# Actor-Movie relations from Wikidata

This Jupyter notebook provides an example of using the Python package [gravis](https://pypi.org/project/gravis). The .ipynb file can be found [here](https://github.com/robert-haas/gravis/tree/master/examples).

It shows how a **network of actors and movies** can be visualized as bipartite graph (=a graph with two types of nodes, where actor nodes and movie nodes, visually distinguished by color). The data is fetched from **Wikidata** with **SPARQL** (a data query language) and describes the relations between actors and movies they participated in (many entries are missing).

## References

- [Wikidata](https://www.wikidata.org)
 - [Glossary](https://www.wikidata.org/wiki/Wikidata:Glossary)
 - [SPARQL tutorial](https://www.wikidata.org/wiki/Wikidata:SPARQL_tutorial)
 - [Query examples 1](https://www.wikidata.org/wiki/Wikidata:SPARQL_query_service/queries)
 - [Query examples 2](https://www.wikidata.org/wiki/Wikidata:SPARQL_query_service/queries/examples)
 - [Example: Characters portrayed by most actors](https://www.wikidata.org/wiki/Wikidata:SPARQL_query_service/queries/examples#Characters_portrayed_by_most_actors)
 - [List of properties](https://www.wikidata.org/wiki/Wikidata:List_of_properties)

- Other
 - [Tutorial: Where do Mayors Come From: Querying Wikidata with Python and SPARQL](https://janakiev.com/blog/wikidata-mayors/)
 - [Your First SPARQL Query](https://docs.data.world/tutorials/sparql/Your_First_Sparql_Query.html)

- Used here
 - Property P18: [image](https://www.wikidata.org/wiki/Property:P18)
 - Property P161: [cast member](https://www.wikidata.org/wiki/Property:P161)
 - Property P453: [character role](https://www.wikidata.org/wiki/Property:P453)

In [None]:
import random
import string

import gravis as gv
import networkx as nx
import requests

## Data generation: Fetch data from Wikidata with a SPARQL query

Goal: Fetch data about actors and movies from Wikidata in order to create a bipartite network of actor-movie relations.

In [None]:
def fetch_data(num_tries):
 url = 'https://query.wikidata.org/sparql'
 query = """
 SELECT ?filmLabel ?actorLabel ?characterLabel ?actorImage ?movieImage ?characterImage
 WHERE {
 ?film p:P161 [
 ps:P161 ?actor;
 pq:P453 ?character
 ].
 OPTIONAL{
 ?film wdt:P18 ?filmImage. # film / has image / filmImage
 ?actor wdt:P18 ?actorImage. # actor / has image / actorImage
 }
 SERVICE wikibase:label { bd:serviceParam wikibase:language "en". }
 }
 LIMIT 100000
 """
 for i in range(num_tries):
 try:
 print('Try number {}'.format(i+1))
 random_string = ''.join(random.choice(string.ascii_letters) for i in range(20))
 headers = {'User-Agent': random_string}
 params = {'format': 'json', 'query': query}
 response = requests.get(url, headers=headers, params=params)
 print(response.text)
 data = response.json()
 break
 except Exception:
 pass
 else:
 raise ValueError('Data fetching failed.')
 return data


data = fetch_data(num_tries=5)
print('Number of items:', len(data['results']['bindings']))

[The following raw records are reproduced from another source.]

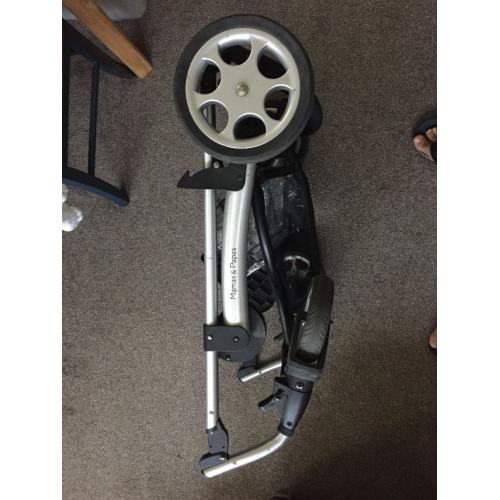 Mamas and papas pushchair and accessories - Also carry cot, car adapters for car seat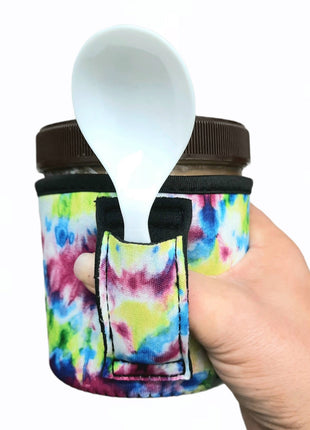 Purple Tie Dye Pint Size Ice Cream Handler™ - Drink Handlers
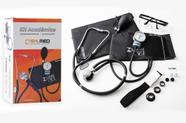 KIT ACADEMICO APARELHO PRESSAO NYLON tiras autocolantes COM ESTETO RAPAPORT PRETO P A MED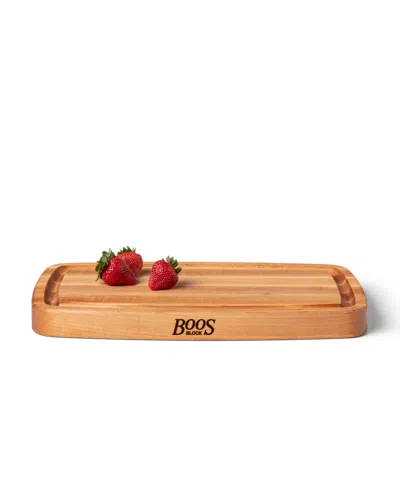 John Boos Cb Series Rectangular Wooden Maple Cutting Board, 18"x10.5" In Brown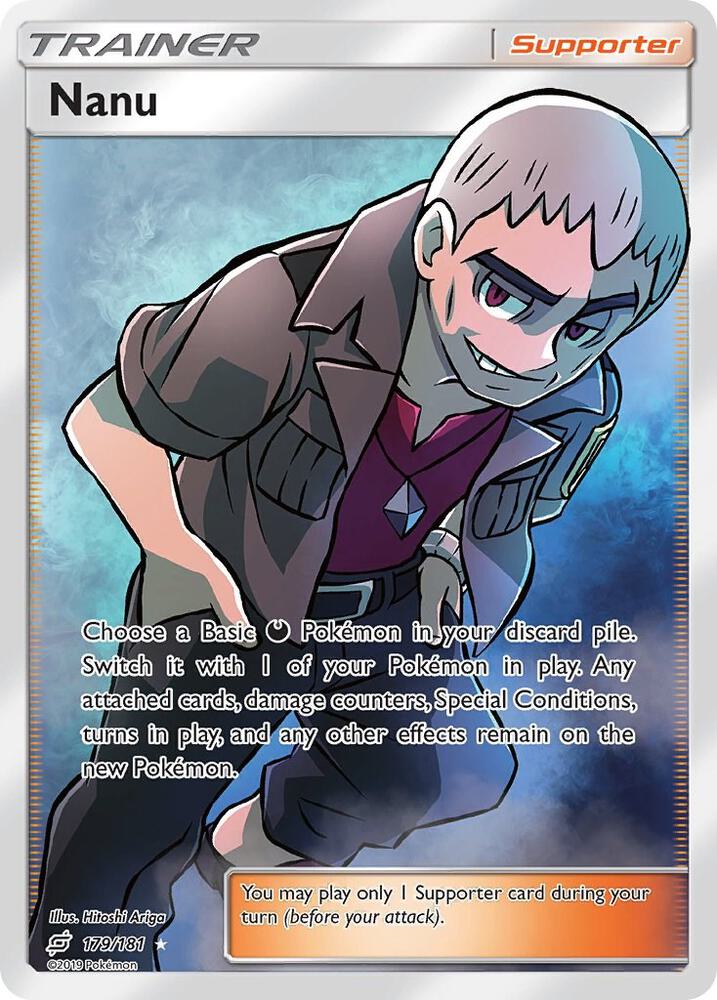 Nanu (Full Art) [SM - Team Up] 179/181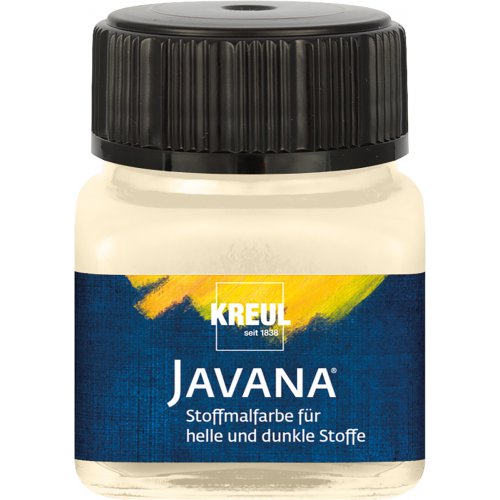 Barva na světlý a tmavý textil JAVANA 20 ml VANILKOVÁ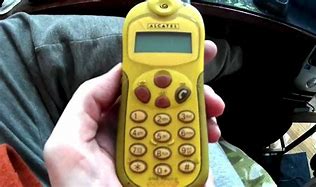 Image result for Alcatel Yellow Phone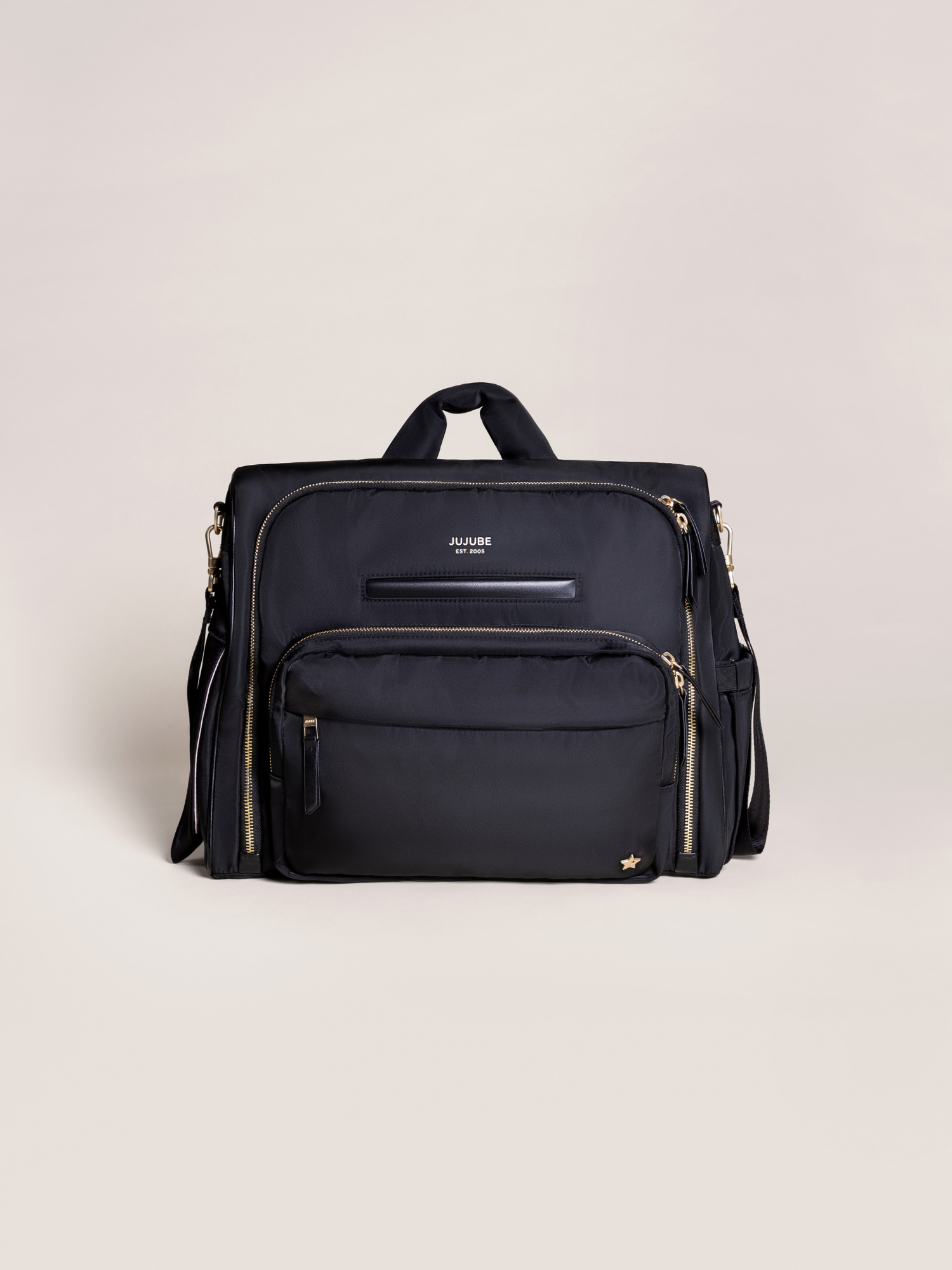 Satchel Diaper Bag - Black E67081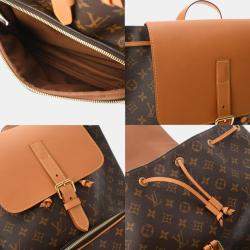 Louis Vuitton Brown Monogram Canvas, Leather Trio Backpack  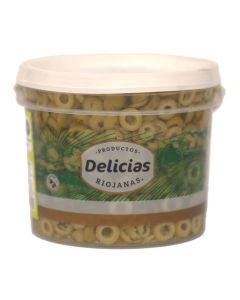 DELICIAS RIOJANAS ACEITUNAS VERDES E/RODAJAS E/SALMUERA FRASCO X  1.7 KG / 3 KG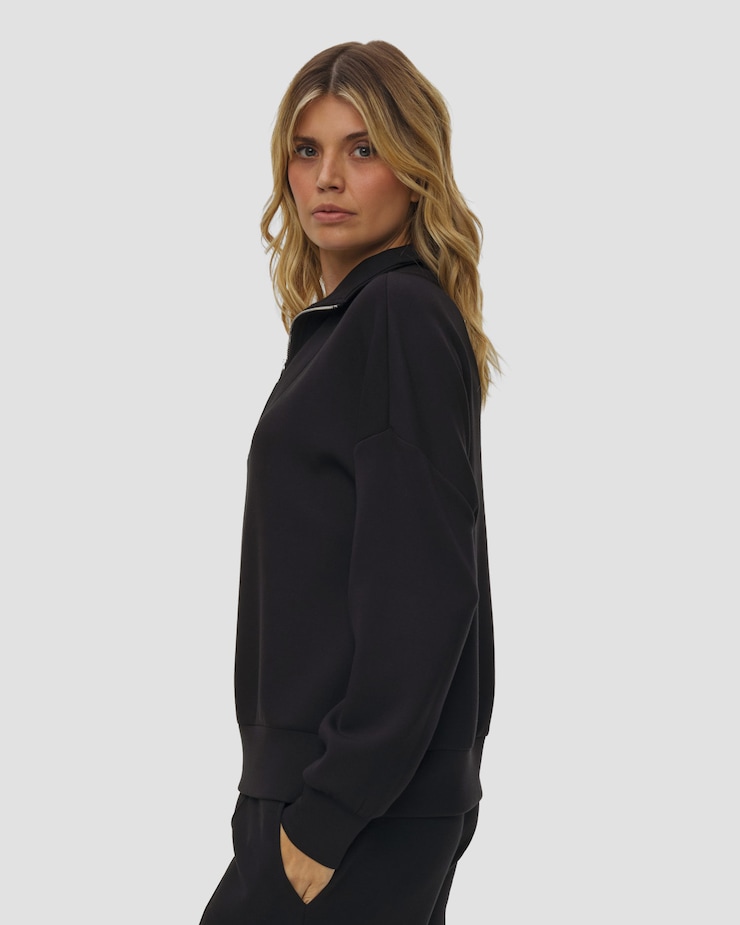 Dámská černá mikina Varley Hawley Half Zip Sweat
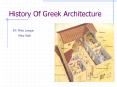 History Of Greek Architecture PowerPoint PPT Presentation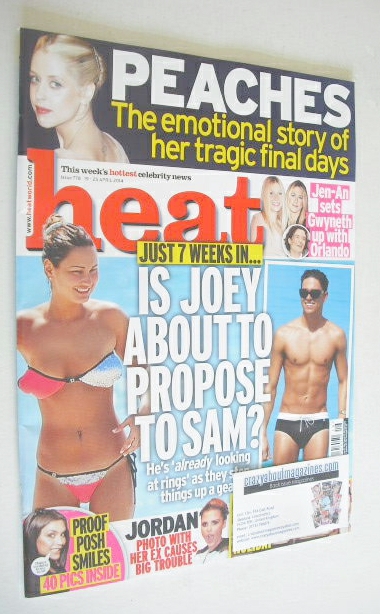 Heat magazine - Joey Essex and Sam Faiers cover (19-25 April 2014)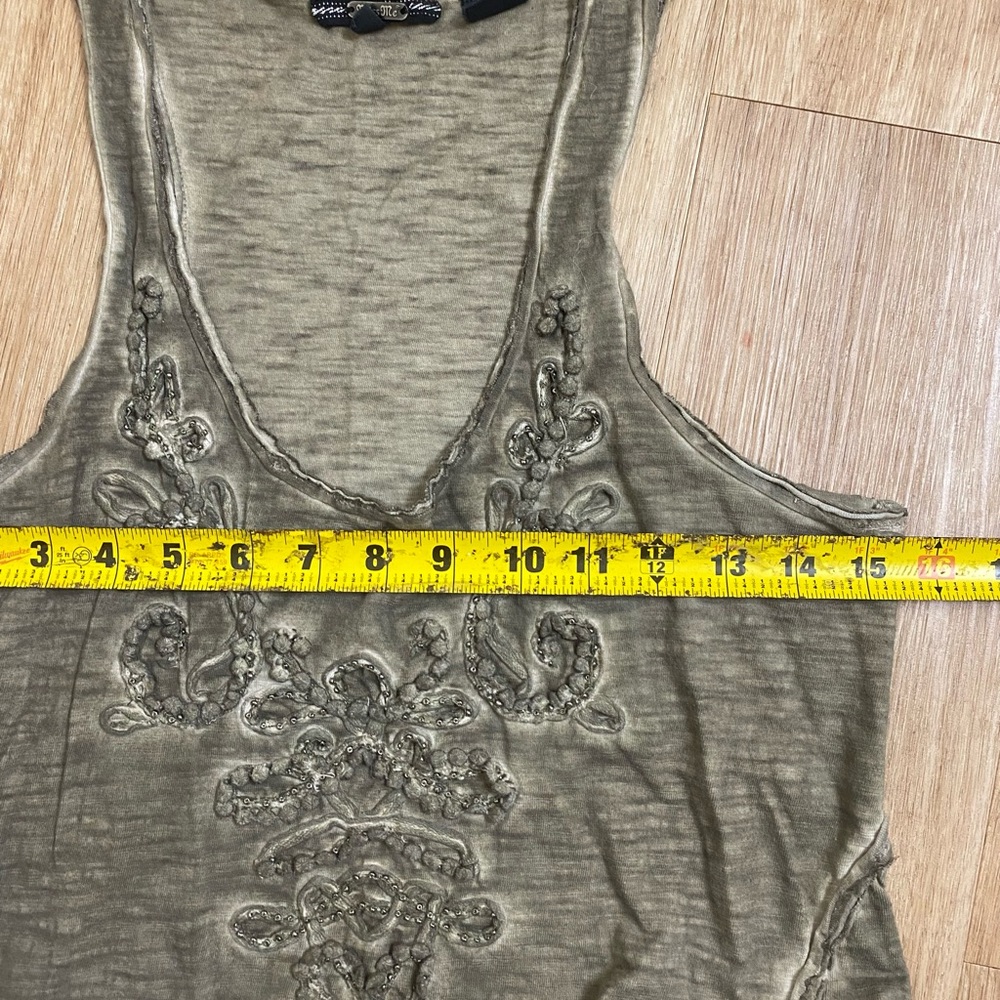 Miss Me Olive Embellished Racerback Tank Dress - Picture 5 of 5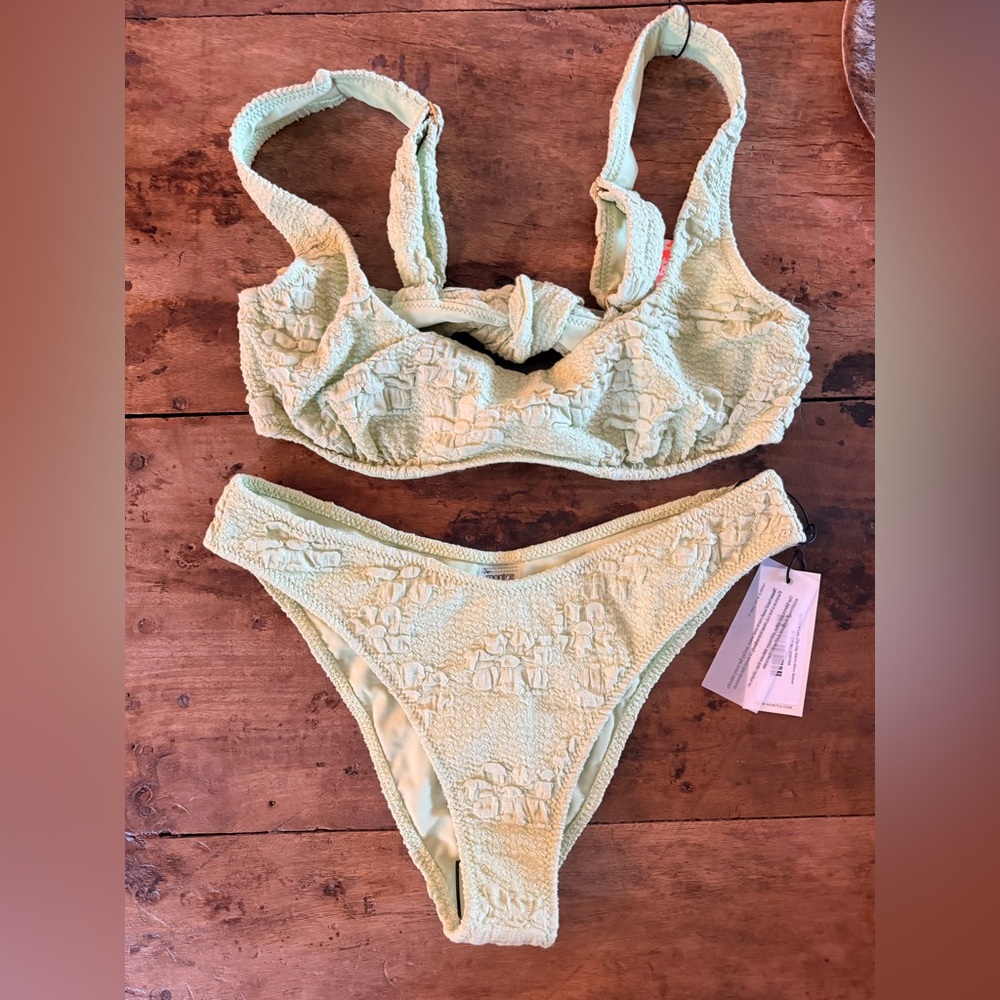 MONTCE SWIM Lulu green bikini set size M - Picture 2 of 5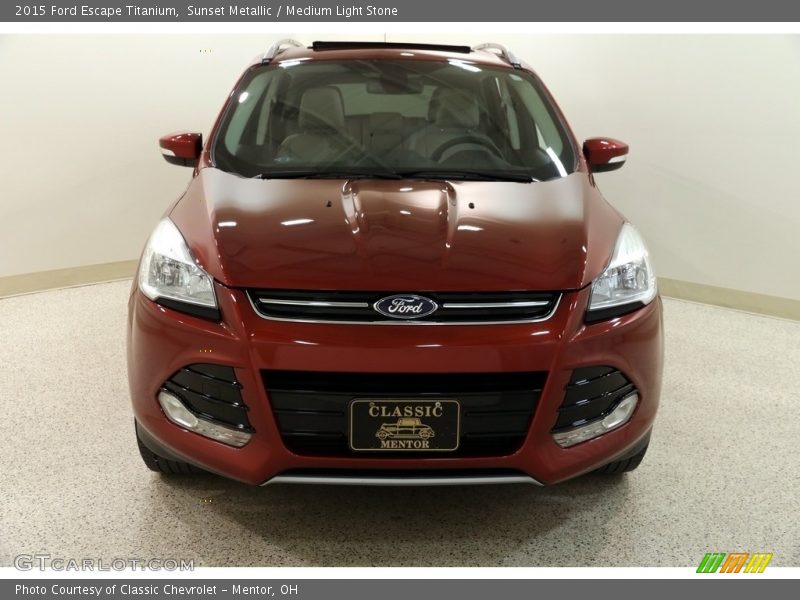 Sunset Metallic / Medium Light Stone 2015 Ford Escape Titanium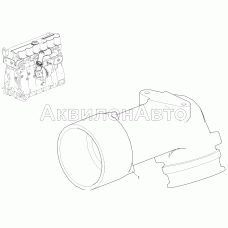 Патрубок отводящий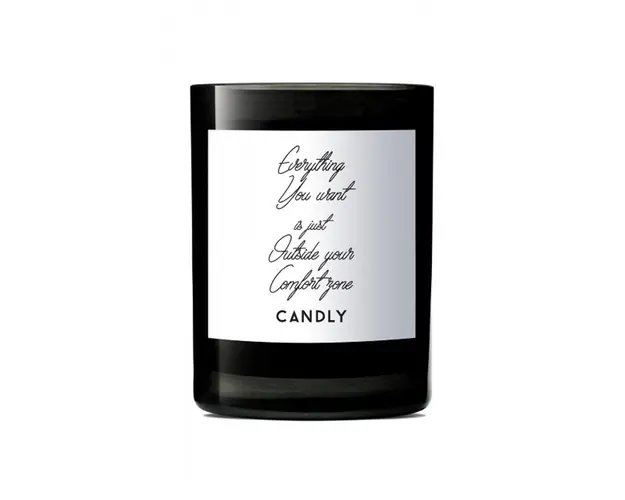 Candly - Lumanare parfumata de soia Everything you want is just outside your comfort zone 250 g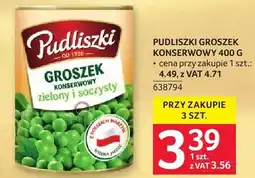 Selgros Groszek konserwowy Pudliszki oferta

## Create a bipartite graph of actors and movies

In [None]:
graph = nx.Graph()

for item in data['results']['bindings']:
 movie = item['filmLabel']['value']
 actor = 'Actor: ' +item['actorLabel']['value']
 character = item['characterLabel']['value']
 
 # Node type 1: Movie (red)
 graph.add_node(movie)
 node = graph.nodes[movie]
 node['type'] = 'Movie'
 node['color'] = 'red'
 node['label_color'] = 'red'
 
 # Node type 2: Actor (black)
 graph.add_node(actor)
 node = graph.nodes[actor]
 node['type'] = 'Actor'
 node['color'] = 'black'
 
 # Edge between different node types
 graph.add_edge(movie, actor)

print('Number of nodes:', len(graph.nodes))
print('Number of edges:', len(graph.edges))

In [None]:
def add_properties(graph):
 for node, degree in graph.degree():
 graph.nodes[node]['size'] = 10.0 + degree / 10.0

add_properties(graph)

## Plot filtered versions of the large graph

### Filter 1: Egocentric network (=neighborhood of a selected node)

- GSU library: [Ego network](https://research.library.gsu.edu/c.php?g=916490&p=6612505)
- Science direct topic: [Egocentric network](https://www.sciencedirect.com/topics/computer-science/egocentric-network)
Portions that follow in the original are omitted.